I’m not going to go through all available products and review or evaluate them, so if you’re interested in any of them just click on the links or google for more information. Toolfarm recently posted a summary as well, which includes several products I haven’t named here.
Render Garden is designed for smaller, simpler setups than full-blown studio render farms. Hence the name – it’s a garden, not a farm! Render Garden can utilize multiple cores to render in the background on the same machine you work on, and it can also distribute renders over a local network to multiple machines. It was created by fnord software, the same company that’s been responsible for EXR and Cryptomatte support in After Effects.
At the higher end of the spectrum, “Deadline” – by Thinkbox – is a widely used render farm management system for larger studios. Deadline is not specifically for After Effects. It works with pretty much any software that renders including 3D apps like Maya, Cinema 4D and so on. Setting up Deadline is a lot more involved than just copying a script to your After Effects folder, it works best with a dedicated server. Deadline runs through a centralized Mongo database that tracks all rendering tasks and machines – the feature list is far too long to be included here, but it’s designed for studios with dozens of machines and artists. One bonus of using Deadline is that the interface looks far more complex and intimidating than it really is, and if you ever want to give a producer the impression you’re working on something very complex, you can just stare at the Deadline monitor for a few minutes until they go away. Deadline is the most advanced render farm system that I’ve personally used, although it has similarly high-end competition from Smedge and Tractor.
A newcomer to the After Effects scene is Render Boss, which is currently Windows only although a Mac version is in beta. At first glance, Render Boss looks like a slimmed-down version of Deadline, providing render management tools for multiple machines but only with After Effects. A notable feature of Render Boss is the emphasis on running multiple instances of AErender on the same machine, in order to fully utilize modern multi-core processors. Once again – if you want the full feature list then check out the website.

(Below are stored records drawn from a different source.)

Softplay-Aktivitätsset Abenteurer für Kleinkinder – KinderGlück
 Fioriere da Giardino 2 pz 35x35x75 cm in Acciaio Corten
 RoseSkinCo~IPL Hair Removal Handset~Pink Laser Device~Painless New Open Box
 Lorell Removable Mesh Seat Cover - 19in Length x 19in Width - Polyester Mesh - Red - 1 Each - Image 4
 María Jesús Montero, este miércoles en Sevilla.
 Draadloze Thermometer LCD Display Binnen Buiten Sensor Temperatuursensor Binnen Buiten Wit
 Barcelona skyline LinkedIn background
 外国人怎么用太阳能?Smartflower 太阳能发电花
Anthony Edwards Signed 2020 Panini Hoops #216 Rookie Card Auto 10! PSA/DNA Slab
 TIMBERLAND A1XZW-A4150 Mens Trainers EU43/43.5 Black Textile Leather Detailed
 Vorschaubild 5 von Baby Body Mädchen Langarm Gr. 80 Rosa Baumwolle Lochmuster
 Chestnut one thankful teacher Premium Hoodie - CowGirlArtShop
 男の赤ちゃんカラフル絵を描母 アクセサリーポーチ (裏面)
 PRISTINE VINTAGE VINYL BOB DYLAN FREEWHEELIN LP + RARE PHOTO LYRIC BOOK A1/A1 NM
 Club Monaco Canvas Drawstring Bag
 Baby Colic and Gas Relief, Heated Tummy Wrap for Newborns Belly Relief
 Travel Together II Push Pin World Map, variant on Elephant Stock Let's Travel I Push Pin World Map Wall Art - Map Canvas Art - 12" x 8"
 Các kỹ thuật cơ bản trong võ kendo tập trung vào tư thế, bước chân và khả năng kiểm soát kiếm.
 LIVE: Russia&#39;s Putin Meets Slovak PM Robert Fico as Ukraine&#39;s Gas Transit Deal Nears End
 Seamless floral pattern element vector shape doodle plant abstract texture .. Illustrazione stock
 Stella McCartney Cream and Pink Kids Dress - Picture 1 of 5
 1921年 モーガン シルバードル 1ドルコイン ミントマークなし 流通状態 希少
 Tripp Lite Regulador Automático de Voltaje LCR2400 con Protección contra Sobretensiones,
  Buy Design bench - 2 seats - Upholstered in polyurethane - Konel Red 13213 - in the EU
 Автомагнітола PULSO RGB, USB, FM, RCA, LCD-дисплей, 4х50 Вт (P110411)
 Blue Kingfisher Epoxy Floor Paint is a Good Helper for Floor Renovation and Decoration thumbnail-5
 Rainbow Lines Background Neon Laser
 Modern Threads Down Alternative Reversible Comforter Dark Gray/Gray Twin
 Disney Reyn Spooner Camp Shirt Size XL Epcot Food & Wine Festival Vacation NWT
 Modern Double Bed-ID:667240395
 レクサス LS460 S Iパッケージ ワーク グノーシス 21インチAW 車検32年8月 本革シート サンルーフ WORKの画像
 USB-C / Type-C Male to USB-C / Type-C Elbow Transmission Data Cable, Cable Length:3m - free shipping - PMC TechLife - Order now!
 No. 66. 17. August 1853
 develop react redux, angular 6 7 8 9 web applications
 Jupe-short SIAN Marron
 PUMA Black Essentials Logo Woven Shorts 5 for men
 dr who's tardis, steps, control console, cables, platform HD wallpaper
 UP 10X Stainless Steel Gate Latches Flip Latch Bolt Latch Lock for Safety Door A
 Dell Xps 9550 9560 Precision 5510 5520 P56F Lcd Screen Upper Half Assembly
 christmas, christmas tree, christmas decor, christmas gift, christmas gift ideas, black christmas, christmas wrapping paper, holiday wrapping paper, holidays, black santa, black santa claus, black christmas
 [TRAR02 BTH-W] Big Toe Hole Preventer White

I haven’t listed every single After Effects rendering tool, but the main point is that all of the different options have one thing in common: they use AErender to do the actual rendering. The different options – droplets, bat files, script panels, and database driven tools like Deadline, Smedge and Tractor – are just managing the way the After Effects projects are distributed across computers or to the background. Once compositions have been queued and files have been copied, it’s AErender which is doing the actual rendering.
In current times, where CPUs are multi-core and it’s not uncommon for a desktop machine to have 32 gig of RAM or even more, background rendering with AERender is the simplest and easiest way to increase your productivity. Why wait for things to render when you can keep working? Even on a single machine, a tool like BG Renderer Max or Render Garden can easily produce renders 2 -3 times faster for less than $100.
Every rose has its thorns
Background rendering might sound great, but there are a few restrictions. Like any new technique it can take some time and experience to get the most from it and figure out the boundaries. Each approach, whether it’s using BG Renderer, Render Garden, Deadline or something else, will have it’s own idiosyncrasies.
The first step is to understand how these tools are increasing productivity. They all work by using AErender to render whole frames, either in the background or on a different computer. They’re not making After Effects itself run faster, and there’s no difference in the amount of time it takes to render a single frame. Productivity is improved by spreading the overall workload.
Normally, with the full After Effects application, if you have a composition that is 100 frames duration and you hit “render” in the render queue, your computer will sit there and render out all 100 frames. As long as it’s rendering, you can’t use After Effects for anything else. That’s how After Effects works by default. If you use a script like BG Renderer, you can render those 100 frames in the background and continue to use After Effects. Your productivity is improved because you’re not sitting around and waiting.
If your machine has multiple cores and enough RAM, you can run multiple instances of AErender on the same machine without any significant impact on the main After Effects application. If you run 4 copies of AErender then – in theory – the composition will render 4 times faster. Each AErender process might render 25 frames each. The time taken to render each frame will still be about the same, but as four frames are rendering at the same time the total rendering time will be whatever it takes to render those 25 frames. Taking this example to an extreme level – if you have a render farm with 100 machines, then each machine is only rendering a single frame. Your render will be finished in 1/100th of the time needed to render it on a single machine.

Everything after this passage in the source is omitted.